While Dave Bing is knocking down houses in Detroit because of the over supply, in sunny Las Vegas and Phoenix, home builders are seeing demand, so more supply is on its way. Richard Lee, who can best be described as perpetually optimistic, told the crowd at a new home opening that everyone has a new opportunity to cash in on the next Las Vegas boom. “We’re going to come back like you’ve never seen us before.”

“From the recession’s lows, construction has nearly doubled in Las Vegas, Phoenix and Tucson. It is up 74 percent in inland Southern California and soaring in Florida,” reports the New York Times.

There are lots of foreclosures on the market, but most buyers don’t want to buy a house where, as one homebuilder used to put it, “someone else clipped their toenails.” So, two million vacant houses or not, builders are responding to demand. Whether the demand is only stimulated by government tax credits or not, remains to be seen. “For the first time in three or four years, we have pent-up demand,” said [Las Vegas homebuilder] American West’s vice president for sales, Jeff Canarelli.

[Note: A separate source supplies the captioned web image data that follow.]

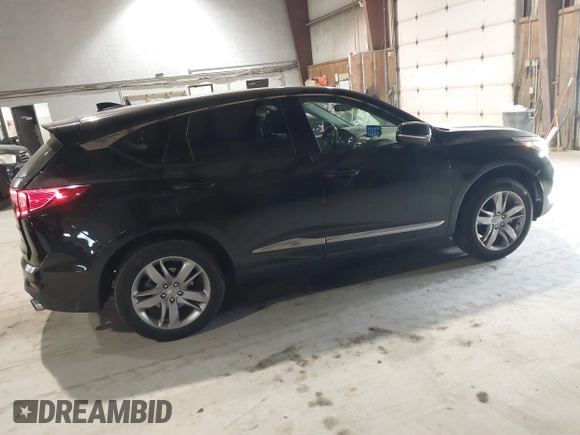 2021 Acura RDX w/Advance Package with VIN 5J8TC2H7XML030078, listed as a IAAI auction lot 41320663 with 74,478 mi miles. Bid and sale history available at carsss.com. Image 4.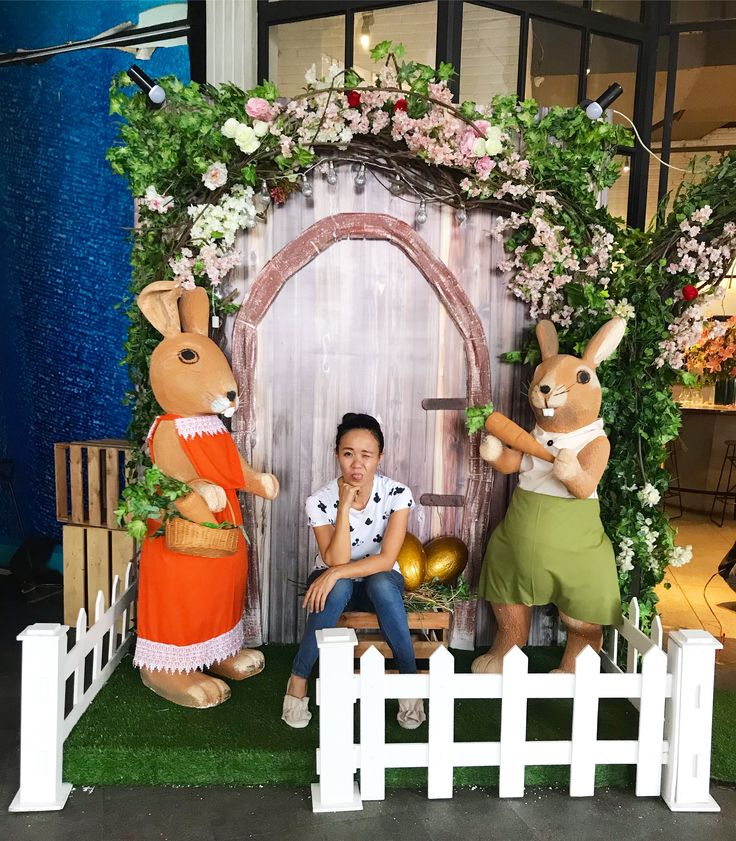 a woman sitting in front of a fake door with two rabbits on top of it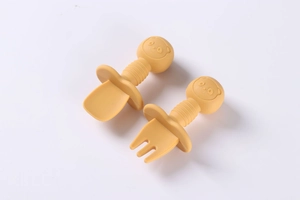 Detail of yellow silicone baby spoon and fork set with bear head handle and safety guard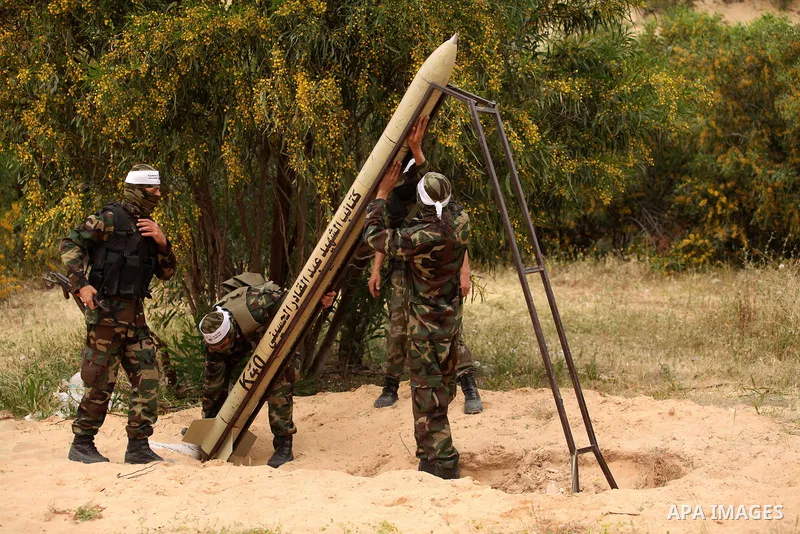 Palestinian militants show a home-made rocket to the media during an anti-Israel joint drill by National Resistance Brigades and Abdel Qader al Husseini Brigades in Khan Younis in the southern Gaza Strip March 25, 2016....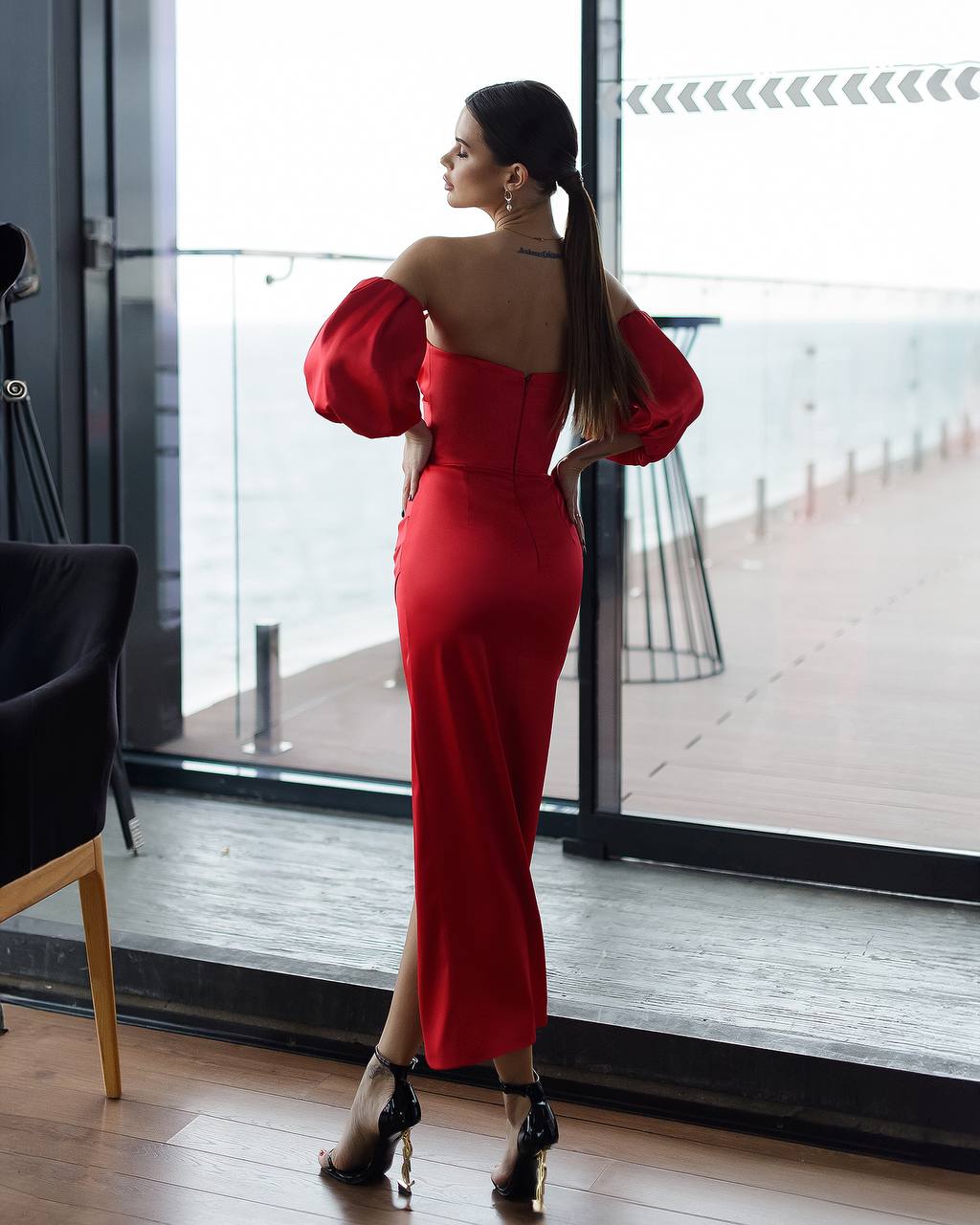 Woman in a red dress standing by a large window with a view of a dock.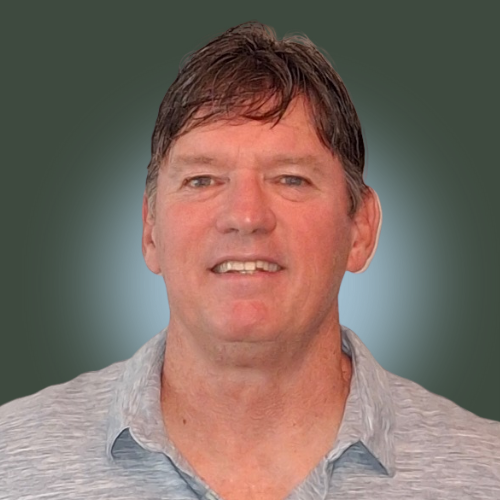 A man with brown hair, wearing a light grey collared shirt, smiling against a green background.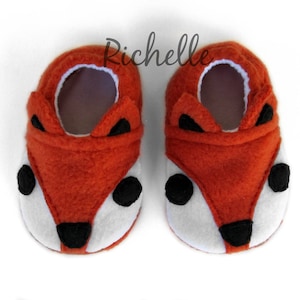 May include: A pair of orange fleece baby booties with a fox face design. The booties have black eyes, a black nose, and white fur around the eyes.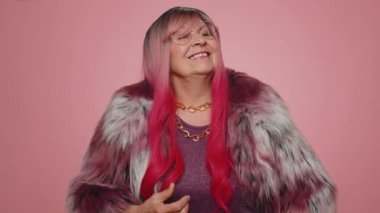 Gülümseyen, mutlu, paltolu, göz kırpan yaşlı kadın dişlek gülümsemesiyle kameraya bakıyor, göz kırpıyor ve flört ediyor, iyimserliğini ifade ediyor. Yaşlı bir büyükanne pembe duvar arkasında tek başına.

Stephen F. Auth, chief investment officer at the financial services company Federated Investors, says, “The great housing depression is nearly over.”

Pent-up demand? Housing depression over? But there are two million vacant houses and likely 15+ million homeowners underwater on their houses? Perhaps the builders have it right, millions will strategically default, walk away, and buy brand new homes for hundreds of thousands of dollars less.

What happens to the abandoned repossessions? Mayor Bing has a plan.